Il Parlamento aveva un anno di tempo per riscrivere la norma che vieta la libertà vigilata per boss e terroristi che non collaborano: in alternativa pericolosi capimafia, autori di stragi come i fratelli Graviano e Leoluca Bagarella, sarebbero tornati in libertà. La fine anticipata della legislatura, però, aveva fatto naufragare l’iter parlamentare. Dopo le elezioni, dunque, il nuovo governo di centrodestra aveva varato un decreto, modificando la norma sull’ostativo così come prevedevano le indicazioni della Consulta.
Dopo l’approvazione della nuova legge, dunque, la corte Costituzionale aveva restituito gli atti alla Cassazione. Ai giudici della Consulta “era stata rimessa la questione di legittimità costituzionale delle norme del cosiddetto ergastolo ostativo, perché era sopraggiunta una nuova disciplina per l’accesso ai benefici penitenziari per i detenuti non collaboranti con condanna all’ergastolo per reati cosiddetti ostativi“, spiega la Cassazione. “Il Collegio odierno ha annullato l’ordinanza impugnata, così come richiesto anche dalla Procura Generale. L’annullamento è stato disposto con rinvio al Tribunale di sorveglianza di L’Aquila affinché, alla luce della nuova disciplina, valuti con accertamenti di merito preclusi al giudice di legittimità la sussistenza o meno dei presupposti ora richiesti dalla legge per la concessione dei benefici penitenziari ai detenuti per reati cd. ostativi non collaboranti”, continua la prima sezione penale della Suprema corte, spiegando perché ha rinviato la questione al tribunale di Sorveglianza.

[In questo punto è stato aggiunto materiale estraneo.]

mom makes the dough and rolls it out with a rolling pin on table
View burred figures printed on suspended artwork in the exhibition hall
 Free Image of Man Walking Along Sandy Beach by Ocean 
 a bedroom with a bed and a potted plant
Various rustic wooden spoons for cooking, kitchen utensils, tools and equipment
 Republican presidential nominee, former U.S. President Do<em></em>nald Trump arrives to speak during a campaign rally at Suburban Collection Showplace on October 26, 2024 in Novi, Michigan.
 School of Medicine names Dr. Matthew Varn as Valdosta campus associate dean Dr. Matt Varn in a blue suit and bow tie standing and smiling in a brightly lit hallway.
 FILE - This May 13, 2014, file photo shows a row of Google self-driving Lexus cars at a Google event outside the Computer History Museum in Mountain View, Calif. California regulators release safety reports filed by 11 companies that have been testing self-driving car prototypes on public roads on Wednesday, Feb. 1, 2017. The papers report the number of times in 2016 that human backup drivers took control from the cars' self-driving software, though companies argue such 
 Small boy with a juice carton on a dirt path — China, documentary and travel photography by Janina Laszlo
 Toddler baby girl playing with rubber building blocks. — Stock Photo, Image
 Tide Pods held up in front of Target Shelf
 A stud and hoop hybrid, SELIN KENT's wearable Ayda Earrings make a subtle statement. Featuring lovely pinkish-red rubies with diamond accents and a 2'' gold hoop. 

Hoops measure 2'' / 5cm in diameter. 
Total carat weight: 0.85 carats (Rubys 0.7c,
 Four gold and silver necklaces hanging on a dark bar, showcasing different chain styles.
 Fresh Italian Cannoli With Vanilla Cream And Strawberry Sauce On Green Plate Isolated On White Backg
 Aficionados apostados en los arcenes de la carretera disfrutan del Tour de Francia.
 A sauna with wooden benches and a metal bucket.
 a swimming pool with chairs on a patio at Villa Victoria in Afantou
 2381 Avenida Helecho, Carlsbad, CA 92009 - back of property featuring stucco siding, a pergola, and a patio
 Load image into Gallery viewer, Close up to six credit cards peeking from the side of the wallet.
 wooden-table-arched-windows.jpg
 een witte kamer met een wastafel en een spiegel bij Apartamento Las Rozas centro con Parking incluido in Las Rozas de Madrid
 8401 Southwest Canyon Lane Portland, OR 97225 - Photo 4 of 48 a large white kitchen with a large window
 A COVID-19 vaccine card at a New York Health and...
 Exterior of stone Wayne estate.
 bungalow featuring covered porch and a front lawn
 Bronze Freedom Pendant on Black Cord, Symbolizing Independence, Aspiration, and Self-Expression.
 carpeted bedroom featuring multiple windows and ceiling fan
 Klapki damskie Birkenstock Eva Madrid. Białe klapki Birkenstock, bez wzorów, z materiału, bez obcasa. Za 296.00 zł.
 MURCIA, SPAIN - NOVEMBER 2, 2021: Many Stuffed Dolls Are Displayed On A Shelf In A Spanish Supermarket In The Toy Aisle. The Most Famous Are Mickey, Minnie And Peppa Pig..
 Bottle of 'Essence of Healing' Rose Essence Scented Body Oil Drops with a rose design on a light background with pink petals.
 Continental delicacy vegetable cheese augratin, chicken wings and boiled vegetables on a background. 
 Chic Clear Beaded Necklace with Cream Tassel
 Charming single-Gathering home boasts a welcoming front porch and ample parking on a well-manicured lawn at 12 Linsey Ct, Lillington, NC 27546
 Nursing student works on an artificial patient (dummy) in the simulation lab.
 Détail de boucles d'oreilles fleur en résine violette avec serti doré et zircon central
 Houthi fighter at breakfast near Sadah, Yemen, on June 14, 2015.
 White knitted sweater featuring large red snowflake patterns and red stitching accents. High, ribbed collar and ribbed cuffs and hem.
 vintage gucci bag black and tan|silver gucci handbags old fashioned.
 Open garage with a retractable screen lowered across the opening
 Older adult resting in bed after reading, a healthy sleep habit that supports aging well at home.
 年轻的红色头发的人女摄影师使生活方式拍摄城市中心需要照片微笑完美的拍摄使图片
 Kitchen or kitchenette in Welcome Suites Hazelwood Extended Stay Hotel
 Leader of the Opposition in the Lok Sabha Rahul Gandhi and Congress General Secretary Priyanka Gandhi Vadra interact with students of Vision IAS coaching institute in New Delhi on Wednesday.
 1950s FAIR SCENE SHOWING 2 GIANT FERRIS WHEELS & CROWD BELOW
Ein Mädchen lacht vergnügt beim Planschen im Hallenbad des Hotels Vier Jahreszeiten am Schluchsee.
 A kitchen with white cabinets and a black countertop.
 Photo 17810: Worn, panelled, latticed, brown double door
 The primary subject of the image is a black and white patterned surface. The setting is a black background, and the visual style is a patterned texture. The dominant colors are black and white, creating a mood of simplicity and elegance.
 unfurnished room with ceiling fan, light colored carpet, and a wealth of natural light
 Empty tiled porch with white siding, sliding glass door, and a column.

Alla luce della nuova disciplina, dunque, i giudici de L’Aquila dovranno valutare con accertamenti di merito la sussistenza o meno dei presupposti ora richiesti dalla legge per la concessione dei benefici penitenziari ai detenuti per reati ostativi che non collaborano con la giustizia. Finora il tribunale di Sorveglianza non era mai entrato nel merito del caso Pezzino ritenendo che, con le vecchie norme, l’assenza della collaborazione gli precludesse in ogni caso la liberazione condizionale che gli avrebbe consentito di uscire dal carcere dopo 30 anni. Un’ipotesi che adesso è percorribile, anche senza la collaborazione della giustizia. La condotta del detenuto, però, deve essere valutata alla luce di tutta una serie di paletti molto stringenti.